Terima kasih atas kesempatan yang diberikan. Semoga ikhtiar bersama ini tetap
bisa menjaga motivasi, semangat bergerak, dan daya juang bersama yang akan
membawa kebaikan pada kita semua.
REFERENSI
[1] Rustiadi E, Tarigan S, Nurholipah S, Pravitasari A E and Iman L S 2012 Towards
Sustainable Land Use in Asia [III] Land Use/Cover Changes in Puncak Area
(Upstream of Ciliwung River) and Its Potential Impact on Flood Dinamycs
(SLUASS Science Reports 2012 May 2012) ed Y Himiyama (Hokkaido:
Hokkaido Universityof Education) pp 163-171
[2] Kholil K and Dewi I K 2015 Evaluation of land use change in the upstream of
ciliwung watershed to ensure sustainability of water resources Asian Journal of
Water, Environment and Pollution 12 No. 1 pp. 11–19
[3] Remondi F, Burlando P, Vollmer D 2016 Exploring the hydrological impact of
increasing urbanisation on a tropical river catchment of the metropolitan
jakarta, indonesia Sustainable Cities and Society 20 pp 210-221 Doi:
10.1016/j.scs.2015.10.001
[4] Fauzi A 2010 Ekonomi Sumber Daya Alam dan Lingkungan (Jakarta: PT Gramedia
Pustaka Utama)
[5] Rustiadi E, Saefulhakim S, Panuju D R 2011 Perencanaan dan Pengembangan
Wilayah - Edisi kedua (Jakarta: Yayasan Obor Indonesia)

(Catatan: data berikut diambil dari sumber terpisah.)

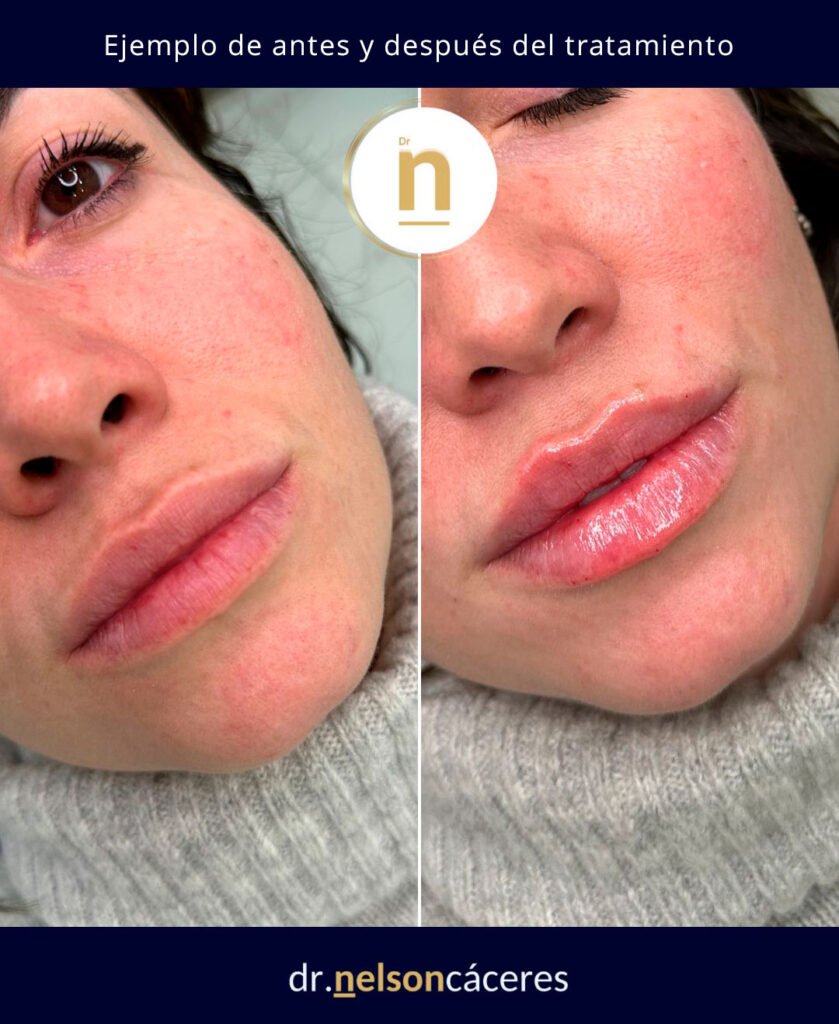 Ejemplo de antes y después de un tratamiento de aumento de labios con ácido hialurónico.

[6] P4W IPB/FWI. 2018.Program Pemulihan Ekosistem di Hulu DAS Ciliwung:
Penguatan Kolaborasi Para Pihak Dalam Mitigasi Perubahan Iklim. P4W
IPB/FWI/ICCTF
[7] Veriasa TO, Oktaviani AR, Prayoga AP, Arifin M, Cantika FSP. 2018. Membangun
Inisiatif Pembayaran Jasa Ekosistem di Hulu Daerah Aliran Sungai Ciliwung
Kabupaten Bogor – Jawa Barat. Konsorsium Save Puncak, P4W IPB, FWI,
ICCTF. Bogor.
[8] Veriasa TO, Rustiadi E, Kinseng RA. 2013. Impact of Joint Community Forest
Management (PHBM) on Local Economy Improvement in Upperstream Of
Ciliwung Watershed, Bogor Regency-Indonesia. "6th International Conference of
JABODETABEK Study Forum: Urban-Rural and Upland-Coastal Connectivities
in Managing Sustainable Urbanizing World". IPB International Convention
Center, August 29-30, 2018.
[9] Rahman A and Veriasa TO. 2017. The Legal Framework to Address Tenurial
Conflict between Conservation Areas And Local People. “The 4th International
Wildlife Symposium: Promoting One Health Through Wildlife Conservation
and People’s Prosperity”. Banda Aceh, Indonesia. 23-25 October 2017.
University of Syah Kuala/WWF Indonesia/FAO.